By reflection of photons from a mirror, the mirror must get an impulse of 2p=h/pi.l for every photon. This means that the mirror receives kinetic energy. But the photon has the energy it has before the refection. How does QED explain this? In "Photons and perfect mirror" the question is answered as a consequence of other explanation but I does not see the mechanism which leads to it. I try to clarify this as respond to the answers.
QED uses Feynman diagrams and they are written in the center of mass. In the case of a photon hitting a mirror, it is hitting the field of electrons in the outer band of the mirroring substance. For reflection there should be elastic scattering in the center of mass so that the phases of the photons are kept and the image emerges intact on reflection. So it should be a QED feynman diagram of a photon scattering elastically off a field.
The kinematics are similar to a ball bouncing off a wall, i.e. elastically scattering. The assumption is that the mass of the wall is practically infinite and the center of mass with respect to the ball+wall, where the elastic scattering happens is at the same (x,y,z) as the center of mass of the wall itself.
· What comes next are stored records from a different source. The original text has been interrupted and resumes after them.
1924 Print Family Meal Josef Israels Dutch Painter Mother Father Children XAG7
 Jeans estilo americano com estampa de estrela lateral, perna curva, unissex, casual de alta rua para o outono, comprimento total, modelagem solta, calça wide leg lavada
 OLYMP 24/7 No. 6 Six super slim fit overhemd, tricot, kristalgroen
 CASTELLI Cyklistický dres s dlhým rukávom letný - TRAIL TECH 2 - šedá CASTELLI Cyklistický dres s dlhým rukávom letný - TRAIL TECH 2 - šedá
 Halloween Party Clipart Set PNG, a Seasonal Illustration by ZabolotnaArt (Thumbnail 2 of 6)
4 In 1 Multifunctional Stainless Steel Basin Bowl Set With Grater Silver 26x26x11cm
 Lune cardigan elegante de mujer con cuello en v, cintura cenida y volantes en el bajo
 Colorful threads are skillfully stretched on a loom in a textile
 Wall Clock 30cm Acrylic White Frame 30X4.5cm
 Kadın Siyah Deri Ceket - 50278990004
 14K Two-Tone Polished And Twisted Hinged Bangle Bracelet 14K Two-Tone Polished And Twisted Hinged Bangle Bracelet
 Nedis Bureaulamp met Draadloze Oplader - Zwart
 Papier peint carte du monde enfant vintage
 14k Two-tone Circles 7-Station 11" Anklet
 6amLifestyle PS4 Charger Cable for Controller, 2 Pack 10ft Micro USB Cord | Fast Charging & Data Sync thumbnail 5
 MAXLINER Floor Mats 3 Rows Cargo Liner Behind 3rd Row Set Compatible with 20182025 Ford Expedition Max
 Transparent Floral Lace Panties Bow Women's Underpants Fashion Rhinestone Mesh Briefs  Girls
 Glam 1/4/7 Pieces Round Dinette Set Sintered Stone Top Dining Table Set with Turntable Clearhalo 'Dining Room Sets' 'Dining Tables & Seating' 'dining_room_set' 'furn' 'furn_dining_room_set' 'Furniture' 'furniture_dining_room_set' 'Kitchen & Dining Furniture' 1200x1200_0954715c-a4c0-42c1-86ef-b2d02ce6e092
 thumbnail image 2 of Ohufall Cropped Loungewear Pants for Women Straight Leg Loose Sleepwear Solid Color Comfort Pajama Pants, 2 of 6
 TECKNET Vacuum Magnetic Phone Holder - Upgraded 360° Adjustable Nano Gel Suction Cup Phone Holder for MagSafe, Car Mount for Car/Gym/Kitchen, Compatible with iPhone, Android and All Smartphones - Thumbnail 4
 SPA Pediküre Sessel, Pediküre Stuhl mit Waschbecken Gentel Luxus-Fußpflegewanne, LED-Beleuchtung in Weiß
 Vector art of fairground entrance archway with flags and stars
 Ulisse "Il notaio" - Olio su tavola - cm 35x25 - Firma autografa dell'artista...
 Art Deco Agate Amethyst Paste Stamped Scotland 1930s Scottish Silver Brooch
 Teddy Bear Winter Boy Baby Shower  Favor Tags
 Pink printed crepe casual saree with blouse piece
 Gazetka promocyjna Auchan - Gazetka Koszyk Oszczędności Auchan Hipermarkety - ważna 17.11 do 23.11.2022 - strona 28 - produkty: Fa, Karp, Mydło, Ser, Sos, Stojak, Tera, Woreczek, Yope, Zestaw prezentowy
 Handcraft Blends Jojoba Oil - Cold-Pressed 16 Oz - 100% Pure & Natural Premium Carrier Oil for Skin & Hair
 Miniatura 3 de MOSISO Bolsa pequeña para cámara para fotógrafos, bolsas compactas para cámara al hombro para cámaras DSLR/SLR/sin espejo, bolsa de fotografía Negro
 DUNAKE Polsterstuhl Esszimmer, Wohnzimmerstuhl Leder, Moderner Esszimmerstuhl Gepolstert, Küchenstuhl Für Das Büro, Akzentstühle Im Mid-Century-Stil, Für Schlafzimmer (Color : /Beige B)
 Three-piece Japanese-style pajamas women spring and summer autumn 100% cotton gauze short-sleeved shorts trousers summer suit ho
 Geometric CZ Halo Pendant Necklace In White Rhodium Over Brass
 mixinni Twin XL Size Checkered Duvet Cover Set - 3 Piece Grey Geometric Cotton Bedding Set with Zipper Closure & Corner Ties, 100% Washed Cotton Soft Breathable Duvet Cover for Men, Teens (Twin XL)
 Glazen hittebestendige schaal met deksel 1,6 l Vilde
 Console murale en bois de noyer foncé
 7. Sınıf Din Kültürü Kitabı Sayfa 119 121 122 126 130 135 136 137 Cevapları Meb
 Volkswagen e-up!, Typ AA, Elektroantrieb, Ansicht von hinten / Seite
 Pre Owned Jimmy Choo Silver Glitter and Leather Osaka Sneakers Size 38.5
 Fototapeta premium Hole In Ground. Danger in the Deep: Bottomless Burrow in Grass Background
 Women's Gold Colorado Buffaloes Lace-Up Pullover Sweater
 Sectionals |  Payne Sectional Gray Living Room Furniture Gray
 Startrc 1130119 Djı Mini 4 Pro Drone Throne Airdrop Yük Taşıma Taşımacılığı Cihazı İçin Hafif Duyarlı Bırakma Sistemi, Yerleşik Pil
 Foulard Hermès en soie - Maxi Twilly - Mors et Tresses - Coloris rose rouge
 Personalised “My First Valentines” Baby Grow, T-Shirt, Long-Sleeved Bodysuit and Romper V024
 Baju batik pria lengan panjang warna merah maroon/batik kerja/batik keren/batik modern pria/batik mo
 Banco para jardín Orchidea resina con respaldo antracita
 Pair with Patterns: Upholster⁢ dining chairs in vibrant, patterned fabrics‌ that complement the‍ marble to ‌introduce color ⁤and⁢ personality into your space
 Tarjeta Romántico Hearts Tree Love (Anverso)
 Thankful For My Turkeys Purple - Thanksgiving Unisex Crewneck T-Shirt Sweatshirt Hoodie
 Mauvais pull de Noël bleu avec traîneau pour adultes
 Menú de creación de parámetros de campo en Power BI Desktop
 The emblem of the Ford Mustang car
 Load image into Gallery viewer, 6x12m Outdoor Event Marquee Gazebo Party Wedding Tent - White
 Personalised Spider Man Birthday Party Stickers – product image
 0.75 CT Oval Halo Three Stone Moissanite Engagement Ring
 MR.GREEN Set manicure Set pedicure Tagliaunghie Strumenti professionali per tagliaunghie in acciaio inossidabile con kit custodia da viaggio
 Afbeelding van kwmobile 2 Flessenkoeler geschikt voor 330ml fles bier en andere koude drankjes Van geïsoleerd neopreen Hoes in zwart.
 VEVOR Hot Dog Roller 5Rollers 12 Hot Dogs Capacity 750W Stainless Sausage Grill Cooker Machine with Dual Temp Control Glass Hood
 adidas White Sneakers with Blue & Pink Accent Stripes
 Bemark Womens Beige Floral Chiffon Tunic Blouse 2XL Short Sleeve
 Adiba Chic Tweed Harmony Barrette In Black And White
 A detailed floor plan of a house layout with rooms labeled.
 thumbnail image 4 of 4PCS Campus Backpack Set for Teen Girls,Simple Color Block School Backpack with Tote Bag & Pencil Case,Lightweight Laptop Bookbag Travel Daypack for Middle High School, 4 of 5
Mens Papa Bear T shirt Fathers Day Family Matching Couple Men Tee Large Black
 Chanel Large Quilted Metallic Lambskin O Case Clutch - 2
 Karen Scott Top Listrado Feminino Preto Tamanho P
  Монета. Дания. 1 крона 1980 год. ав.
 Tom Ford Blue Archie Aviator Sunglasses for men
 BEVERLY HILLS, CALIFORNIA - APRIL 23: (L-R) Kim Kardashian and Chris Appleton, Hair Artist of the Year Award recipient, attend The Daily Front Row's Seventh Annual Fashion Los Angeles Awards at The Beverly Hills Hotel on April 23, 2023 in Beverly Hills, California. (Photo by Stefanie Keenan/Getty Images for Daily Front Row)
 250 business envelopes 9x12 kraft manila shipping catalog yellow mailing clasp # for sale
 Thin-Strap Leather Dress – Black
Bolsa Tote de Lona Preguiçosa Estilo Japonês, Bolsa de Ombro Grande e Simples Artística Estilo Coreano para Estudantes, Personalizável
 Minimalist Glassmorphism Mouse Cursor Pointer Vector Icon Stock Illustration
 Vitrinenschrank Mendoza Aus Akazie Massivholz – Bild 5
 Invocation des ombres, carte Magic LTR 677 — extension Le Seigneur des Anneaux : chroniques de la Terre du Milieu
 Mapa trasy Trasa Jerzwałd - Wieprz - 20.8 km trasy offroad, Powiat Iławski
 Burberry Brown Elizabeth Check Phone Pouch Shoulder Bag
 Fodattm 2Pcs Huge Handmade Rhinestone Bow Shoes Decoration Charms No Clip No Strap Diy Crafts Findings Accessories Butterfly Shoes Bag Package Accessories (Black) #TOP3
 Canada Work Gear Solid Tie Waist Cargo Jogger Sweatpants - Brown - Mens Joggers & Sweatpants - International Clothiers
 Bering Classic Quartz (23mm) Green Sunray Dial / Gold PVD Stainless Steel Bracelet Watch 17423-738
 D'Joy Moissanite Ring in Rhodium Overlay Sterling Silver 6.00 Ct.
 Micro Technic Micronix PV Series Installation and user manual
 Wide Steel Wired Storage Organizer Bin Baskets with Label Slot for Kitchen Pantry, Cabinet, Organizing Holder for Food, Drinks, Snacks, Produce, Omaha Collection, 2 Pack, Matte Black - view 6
For the photon and the collective electric field of the electrons it is scattering off, the center of mass and the laboratory frame are practically the same, as the photon has zero mass and low energy (optical photons). Even the mass of a single electron , (.5MeV, gamma ray energies are of this size) is large enough for the lab frame to be considered the same as the center of mass frame. The effect of the transformation to the lab on the energy of the photon will be very very small.